THE DAWN OF CARRIER STRIKE AND THE WORLD OF LIEUTENANT W P LUCY DSO RN

31 Jul 20
Posted by: TIM COYLE, AUSTRALIAN NAVAL INSTITUTE

On 31 March 1918 the Royal Naval Air Service (RNAS) comprised approximately 55,000 aircrew, maintenance and other support personnel. It pioneered naval aviation through operating aircraft from warships – capital ships, seaplane tenders and the world’s first aircraft carriers: HM Ships Furious and Argus. RNAS flying boats conducted fleet and coastal reconnaissance and anti-submarine patrols, lighter-than-aircraft and operated a heavy bombing force from French bases. All this changed on 1 April when the RNAS and the Royal Flying Corps were absorbed into the Royal Air Force. The consequences of this was a throttling of naval aviation in favour of the RAF philosophical panacea of strategic bombing and total oversight of anything that flew. Naval aviation was relegated to fleet reconnaissance and fall-of-shot reporting in future fleet actions. RAF pilots seconded to the Fleet Air Arm (FAA) were generalists, in accordance with Air Ministry policy, as opposed to the RNAS pilots who had been trained for maritime air warfare. Royal Navy Observers were carried to navigate, communicate and operate weapons; however, most seconded RAF pilots had little interest in naval flying which carried little kudos for promotion; most only served one posting so there was little cross pollination of expertise. This improved around 1924 when it was decided that 70 percent of FAA pilots would be naval officers. As the RAF decided that naval aircraft were not likely to be used as fighters but rather for reconnaissance and limited strike at sea, the RN was not supplied with the latest combat aircraft for its carrier fleet.

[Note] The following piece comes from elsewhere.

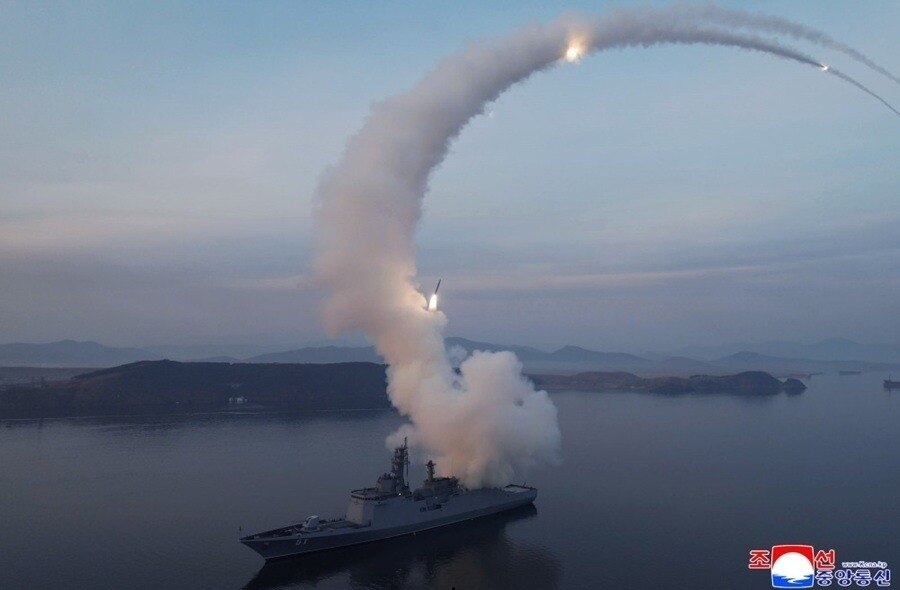 Bình Nhưỡng "tăng tốc" thử nghiệm vũ khí chiến lược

The dismal story of British interwar naval aviation is well known to naval and air power students; however, David Hobbs brings us the story from the service career and archives of Lieutenant W P Lucy DSO RN. Hobbs, as a former RN naval aviator and author of a suite of books on British naval airpower, examines the FAA interwar debacle from a naval aviator’s viewpoint. The book draws on the political, doctrinal, operational and administrative aspects of FAA dual control of the period. Hobbs deals in depth with the battle between the Admiralty, which retained operational control over the FAA and the RAF’s oversight of policy, aircraft design and procurement and training up to the Inskip Award, which returned total control of the naval air arm to the RN in 1937. Hobbs then deals with the race to develop a carrier strike capability which was tested in the 1940 Norway campaign. Throughout the book we are introduced to Lieutenant Lucy through his career as a conventional naval officer and his transition to naval flying and the desperate aerial fights over Norway in April 1940 in which carrier strike was employed or the first time in history. Each mission is described in detail in which Lucy’s command and flying skills are foremost. He was the first naval aviator to sink a warship, the German cruiser Konigsberg, and became an ‘ace’ after his fifth aerial victory (this was never officially acknowledged as the authorities didn’t want to overtly publicise individual heroism). His DSO was to be followed by a bar; however, Lucy was killed in action before it could be promulgated.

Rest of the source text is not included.